Sommattie Ramrup is an SSA Administrative Law Judge at the New York Varick Hearing Office with a lifetime approval rate of 63% over 8,107 lifetime decisions. This sits above the national average of 58%. While recent trends show variance, aggregate rates describe past decisions, not predictions for your individual hearing. An attorney can help you prepare for this judge's specific bench and ensure your medical evidence is properly presented.
This page presents publicly available SSA Office of Hearings Operations disposition data, with no editorial rating or evaluation. ALJs are independent decisionmakers; aggregate statistics describe past patterns, not predictions of how any individual case will be decided. Information here is provided for hearing preparation, not as legal advice.
Approval rates
Judge Ramrup maintains a lifetime approval rate of 63% based on 8,107 decisions over a 10-year tenure. In the latest reporting period, the judge's approval rate was 100%, which stands 5 percentage points above the national average of 58%. These figures provide a statistical snapshot of the judge's history at the New York Varick office.
Office- and national-level breakdowns of fully favorable vs denial rates aren't currently published by SSA in the per-office disposition data. The judge's own breakdown is the detail we have today.
Approval rate over time
Year-over-year approval rate across Judge Ramrup's docket. Annual rates fluctuate with the mix of cases SSA assigns; the longer-run pattern is more informative than any single year.
Decision pattern
Over a decade on the bench, Judge Ramrup has seen significant fluctuations in approval trends. After a steady period between 2018 and 2021, the data shows a rise in approval rates in 2022, followed by a dip in 2023 and a subsequent recovery in 2024 and 2025. This pattern suggests that your outcome is highly dependent on the specific evidence you present.
Preparing for an SSDI hearing
The guidance below applies to any SSDI hearing, not specifically to Judge Ramrup's bench. Judge-specific preparation guidance requires a corpus of public Appeals Council decisions involving each judge, which we haven't built yet.
- Bring a clean treating-physician record. Longitudinal primary-care or specialist notes spanning the disability period, with consistent symptom documentation, are typically the strongest evidence at hearing. A single month's records usually aren't enough.
- Don't rely on consultative exams alone. If your medical evidence is built primarily around a one-time CE finding, expect detailed questioning. Supplement with treating-source statements where possible.

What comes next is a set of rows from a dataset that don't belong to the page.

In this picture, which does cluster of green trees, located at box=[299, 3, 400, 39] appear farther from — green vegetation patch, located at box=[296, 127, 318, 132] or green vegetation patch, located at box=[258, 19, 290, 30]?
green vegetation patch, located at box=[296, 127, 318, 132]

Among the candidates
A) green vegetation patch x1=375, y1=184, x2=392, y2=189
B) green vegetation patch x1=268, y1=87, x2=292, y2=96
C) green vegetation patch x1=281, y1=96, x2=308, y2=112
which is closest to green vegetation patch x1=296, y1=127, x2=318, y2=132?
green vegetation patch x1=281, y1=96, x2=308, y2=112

- Prepare for daily-activity questions. Have honest, specific answers about a typical day. Answers that conflict with the medical record (in either direction) tend to hurt credibility.

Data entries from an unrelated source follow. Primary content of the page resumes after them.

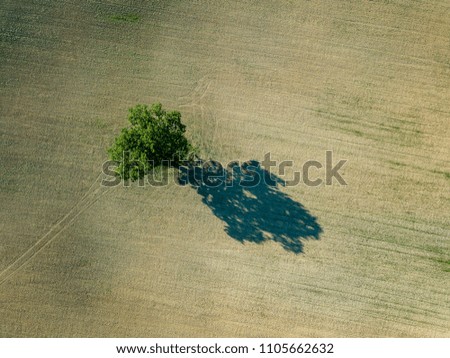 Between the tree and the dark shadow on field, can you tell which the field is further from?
the tree

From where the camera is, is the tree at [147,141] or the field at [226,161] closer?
the tree at [147,141]

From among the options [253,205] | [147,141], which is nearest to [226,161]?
[253,205]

- Expect transferable-skills probing. A vocational expert will usually testify about jobs available to someone with your limitations. Your representative should be prepared to cross-examine.

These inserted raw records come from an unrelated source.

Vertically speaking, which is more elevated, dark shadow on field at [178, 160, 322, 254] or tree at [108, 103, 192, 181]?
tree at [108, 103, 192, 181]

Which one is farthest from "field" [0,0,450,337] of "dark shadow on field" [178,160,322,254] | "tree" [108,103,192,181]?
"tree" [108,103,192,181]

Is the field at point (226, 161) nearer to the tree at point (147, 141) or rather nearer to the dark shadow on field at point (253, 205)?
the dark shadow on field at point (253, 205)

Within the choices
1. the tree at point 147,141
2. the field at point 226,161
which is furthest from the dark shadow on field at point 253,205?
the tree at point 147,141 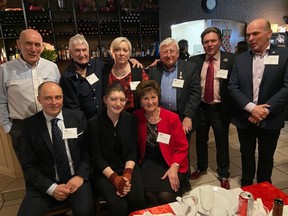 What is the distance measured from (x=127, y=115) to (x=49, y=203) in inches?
38.7

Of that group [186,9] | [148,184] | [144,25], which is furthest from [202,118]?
[186,9]

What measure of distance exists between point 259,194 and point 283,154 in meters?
2.45

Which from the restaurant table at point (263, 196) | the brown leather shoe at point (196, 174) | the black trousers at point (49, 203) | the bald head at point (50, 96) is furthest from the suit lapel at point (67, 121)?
the brown leather shoe at point (196, 174)

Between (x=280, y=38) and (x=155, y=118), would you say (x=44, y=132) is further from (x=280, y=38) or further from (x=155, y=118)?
(x=280, y=38)

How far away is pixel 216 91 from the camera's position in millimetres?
2609

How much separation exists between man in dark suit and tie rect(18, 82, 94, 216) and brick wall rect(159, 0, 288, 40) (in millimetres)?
4833

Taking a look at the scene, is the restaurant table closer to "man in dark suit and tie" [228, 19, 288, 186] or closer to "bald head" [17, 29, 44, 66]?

Hearing with Judge Ramrup? Free, confidential — see if you qualify for SSDI.
Free Benefits ReviewAbout the New York Varick hearing office
The New York Varick Hearing Office serves a large population across the New York region, managing a high volume of disability claims. With a bench of 6 judges, the office maintains a latest approval rate of 71%. You can expect a review of medical evidence and vocational testimony during your hearing at this location.
Other judges at this hearing office
The SSA uses a workload-balancing algorithm to assign cases, meaning you cannot choose your judge. Within the New York Varick Hearing Office, lifetime approval rates among the 6 ALJs range from 43% to 83%. This variance highlights that the judge you draw is a factor in your hearing process.